IRGC encourages Basij mobilization amid 'US, Israel threats' to Quds Force

The threats reveal Tehran’s fears that the US will not stop targeting their key officials and that the US has put Iran on the back foot in its plans for the region.

Hossein Salami, deputy head of Iran's Revolutionary Guard (photo credit: REUTERS/MORTEZA NIKOUBAZL)
Hossein Salami, deputy head of Iran's Revolutionary Guard
(photo credit: REUTERS/MORTEZA NIKOUBAZL)
The IRGC’s chief Maj.-Gen. Hossein Salami ordered the mobilization of Basij units as he claimed Israel and the US have threatened the new Quds Force commander Esmail Ghaani.
“The Zionists and Americans know that if their commanders threaten us then none of their commanders will ever find a safe place either,” he said according to Iranian media. He claimed that the US and Israel had threatened to assassinate IRGC commanders and threatened retaliation as he also ordered Basij militia elements mobilized.
"The US assassination of Qasem Soleimani is part of the regimes of terror,” he said, claiming that the US and Israel resort to assassinations when their other policies to deny Iran “peaceful nuclear technology” had failed. His speech was quoted at length by Tasnim media in Tehran.
His speech appears to come in reaction to US special envoy for Iran Brian Hook allegedly threatening the new IRGC Quds Force commander.
The threats reveal Tehran’s fears that the US will not stop targeting their key officials and that the US has put Iran on the back foot in its plans for the region.
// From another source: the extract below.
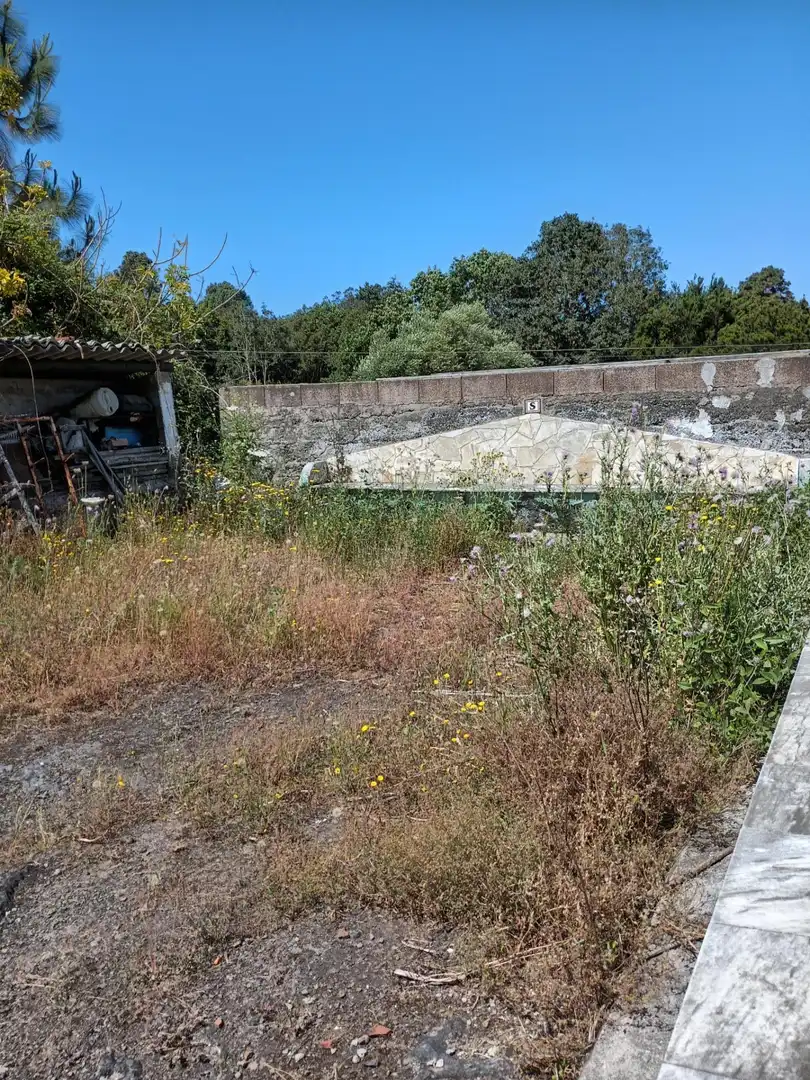 Finca rústica en venta en Garachico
Iran is now lashing out with threats, a usual regime response, because it does not yet have a serious ground response. In Baghdad, Iranian-backed militias were likely behind rockets that struck the US embassy compound on Sunday. The Iranian-backed groups rushed to say they had not fired the rockets, remembering that the last time their rockets killed an American the US launched airstrikes against five Kataib Hezbollah targets, killing dozen.
Salami also sought to beef up security at home by pushing the Basij militia to play a wider role in Iran and to mobilize against threats. The Basij is one of the arms of the IRGC, consisting of volunteers for a paramilitary unit that roughly translates as “mobilization,” similar to the “popular mobilization” units in Iraq or PMU that Iran backs. The organization plays a key role in Iran and in propping up the regime. It has also crushed dissent in the past. Now the regime, weakened by assassinations and under pressure economically, turns  to this pillar. The Iranian r regime killed 1,500 protesters in November. A Basij member in Khuzestan was gunned down earlier this month when leaving his house.
IRGC head Salami said that millions have turned out in Iran to commemorate Soleimani. He wants to ride that wave of memorialization to confront what he calls the “enemy’s strategies.” The most important task is “for the Basij and IRGC to solve problems,” which includes the problem of providing more services to people via 54,000 points across Iran. “We are announcing the Basij capacities across the country and the enemy is afraid of our mobilization efforts.” He says the Basij should dedicate themselves to defeating the enemy through serving the people and through martyrdom.